Bars and restaurants which have been forced to close earlier than usual will also receive support, it said.
On Monday, the Italian government imposed the strictest restrictions since the end of the lockdown in June in a bid to contain a mounting second wave of coronavirus infections.
Bars and restaurants were ordered shut at 6 pm; gyms, pools, cinemas, theatres and concert halls closed; and high schools told to hold online classes for at least 75 per cent of students.
The number of new coronavirus infections within one day in Italy has reached 24,991, the authorities in Rome announced on Wednesday.
It was only on Sunday that the country exceeded 20,000 new infections. Some 205 fatalities were linked to the virus in the past 24 hours.
Since the pandemic began in February, there have been almost 590,000 confirmed infections and 37,905 deaths.
Prime Minister Giuseppe Conte urged citizens to trust the governments “precise strategy,” speaking in front of legislators in Rome.
He said the new restrictions were needed to avoid a second full-blown lockdown and assured citizens and businesses of rapid help.
The government also appealed to citizens to refrain from participating in the violent protests against the restrictions that have broke out in several cities in recent days.
“The state doesn’t tolerate violent behaviour,” Gualtieri had told broadcaster Rai 1 according to news agency ANSA. He accused “groups of violent neo-Facists” of exploiting the situation.
Interior Minister Luciana Lamorgese told Il Messaggero daily on Wednesday that the country was in a “complicated” situation. While saying that demonstrations were legitimate, she accused right- and left-wing extremists, anarchists and youth with criminal records of inciting violence.
Meanwhile, entrepreneurs and employees from bars, restaurants and pubs took to the streets in several cities on Wednesday including Milan, Trieste, Florence and Naples.
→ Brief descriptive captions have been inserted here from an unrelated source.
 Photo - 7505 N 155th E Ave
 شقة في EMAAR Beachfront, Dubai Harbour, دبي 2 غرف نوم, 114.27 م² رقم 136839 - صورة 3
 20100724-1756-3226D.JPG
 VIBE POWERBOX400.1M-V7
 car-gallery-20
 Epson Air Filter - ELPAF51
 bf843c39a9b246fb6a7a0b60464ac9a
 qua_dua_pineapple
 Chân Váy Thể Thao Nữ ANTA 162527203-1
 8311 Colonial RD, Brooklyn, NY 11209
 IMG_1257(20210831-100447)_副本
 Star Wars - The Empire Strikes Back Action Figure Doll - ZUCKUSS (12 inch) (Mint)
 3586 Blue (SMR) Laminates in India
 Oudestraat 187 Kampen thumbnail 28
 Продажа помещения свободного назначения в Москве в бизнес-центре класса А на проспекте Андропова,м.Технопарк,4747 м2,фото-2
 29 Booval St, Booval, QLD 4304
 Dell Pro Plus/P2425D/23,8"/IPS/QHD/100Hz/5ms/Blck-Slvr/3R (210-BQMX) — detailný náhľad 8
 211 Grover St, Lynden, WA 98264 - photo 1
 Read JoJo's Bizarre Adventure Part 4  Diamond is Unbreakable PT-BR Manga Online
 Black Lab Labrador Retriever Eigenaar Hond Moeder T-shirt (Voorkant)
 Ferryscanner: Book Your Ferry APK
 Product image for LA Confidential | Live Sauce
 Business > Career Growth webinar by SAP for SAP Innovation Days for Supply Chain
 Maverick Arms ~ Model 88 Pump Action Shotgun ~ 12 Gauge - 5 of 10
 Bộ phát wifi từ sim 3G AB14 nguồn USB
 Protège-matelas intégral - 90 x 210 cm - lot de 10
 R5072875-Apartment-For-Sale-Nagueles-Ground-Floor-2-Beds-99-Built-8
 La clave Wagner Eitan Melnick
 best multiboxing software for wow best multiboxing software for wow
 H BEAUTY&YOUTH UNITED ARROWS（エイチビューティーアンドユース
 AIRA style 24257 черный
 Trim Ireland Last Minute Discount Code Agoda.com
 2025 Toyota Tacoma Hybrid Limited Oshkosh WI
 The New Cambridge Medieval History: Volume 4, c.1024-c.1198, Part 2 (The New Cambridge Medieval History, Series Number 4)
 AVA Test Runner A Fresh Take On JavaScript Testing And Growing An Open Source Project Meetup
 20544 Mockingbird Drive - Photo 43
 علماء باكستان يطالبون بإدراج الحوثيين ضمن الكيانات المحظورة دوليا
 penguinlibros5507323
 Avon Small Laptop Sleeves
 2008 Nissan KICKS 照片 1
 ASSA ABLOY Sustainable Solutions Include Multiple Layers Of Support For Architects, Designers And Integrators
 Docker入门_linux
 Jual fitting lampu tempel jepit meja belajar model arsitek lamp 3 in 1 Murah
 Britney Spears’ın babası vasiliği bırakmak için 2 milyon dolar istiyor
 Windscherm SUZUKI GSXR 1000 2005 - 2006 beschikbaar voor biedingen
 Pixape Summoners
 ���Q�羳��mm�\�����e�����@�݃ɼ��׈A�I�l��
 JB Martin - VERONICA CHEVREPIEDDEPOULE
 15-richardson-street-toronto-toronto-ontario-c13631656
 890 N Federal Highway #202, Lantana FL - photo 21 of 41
Association representatives from the service and gastronomy sector had previously called for protests “on 24 squares in the entire country.”
According to industry association Fipe-Confcommercio, the coronavirus crisis and the restrictions on opening hours would trigger insolvencies and job losses.
Government critics warned that restaurants and bars had invested immensely into protective measures for customers and weren’t to blame for the surge in new infections.